Even so, when race director Jock Semple spotted her, he tried to wrestle her off the course, shouting “Get the hell out of my race!” Newspaper photographers captured the tussle, Switzer became famous as the “first woman to run Boston,” and the road was paved for women’s eventual admittance to the storied race.

But in fact, there was another woman in that race on that day, who finished about an hour before Switzer. The other woman had also run the Boston Marathon the year before, too, making local newspaper headlines. Though her achievement is not as widely known and celebrated, the true first woman to run the Boston marathon was a 23-year-old called Bobbi Gibb.

When Roberta Louise Gibb Bingay went to the Boston marathon starting line in the village of Hopkinton on April 19, 1966, she had never run a track meet or a road race, much less a full marathon. She had no idea what to expect, but she did know this: she wasn’t supposed to be there. Women were not allowed to run the Boston Marathon. Inspired to try the marathon after watching it one year, she had written to race directors asking for admission; they roundly rejected her. The Boston Marathon was sanctioned by the Amateur Athletics Union, which prohibited women from running farther than 1.5 miles. At the time, women were thought to be physiologically incapable of running 26.2 miles. People truly believed it might cause a woman’s uterus to fall out. So Bobbi Gibb pulled the hood of her sweatshirt up over her blond ponytail and hid in the bushes near the starting line.

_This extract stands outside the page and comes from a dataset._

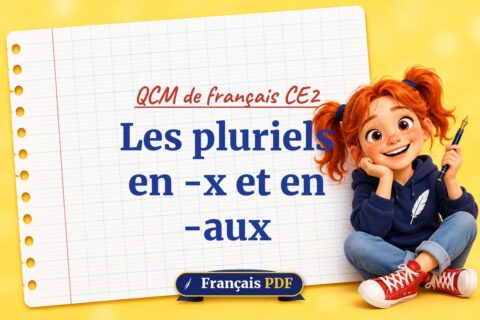 Les pluriels en -x et en -aux : QCM de français ce2, illustration Français PDF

At noon, the starter’s gun went off, and around 500 men set off to run the 26.2 miles from Hopkinton to downtown Boston’s Boylston Street. Nervously, Gibb jumped in among them. She wore a brand-new pair of size 6 men’s Adidas sneakers—her first—along with her usual running attire of a black one-piece bathing suit, under her sweatshirt, and her brother’s white Bermuda shorts.

Less than a mile into the race, she heard the male runners talking, as she recounted to Amby Burfoot in his book First Ladies of Running:

“Hey, is that a girl over there?”

“What? No way. Girls can’t run the Boston Marathon.”

But once they ascertained that she was a girl and was running the Boston Marathon, they clustered around her, supportive, protective, telling her not to worry, she was on a public road. She grew warm as she ran and tossed her sweatshirt. There was no denying her gender. Reporters on the press bus noticed. Radio announcers shared the news: There’s a woman running the marathon! Spectators rushed to the course to cheer her on. Gibb didn’t encounter a single hostile moment, she told Burfoot.

She finished the marathon in a time of 3:21:40, good for 124th place. The governor of Massachusetts shook her hand. She was stunned when reporters and photographers mobbed her. Why had she run? “I simply loved running and enjoying the beauties of nature while I ran,” she told Burfoot. “Sure, I hoped to change some of society’s thinking about women, and what we could accomplish. But I didn’t care about beating men. I love men. I didn’t see any reason why men and women couldn’t run together.”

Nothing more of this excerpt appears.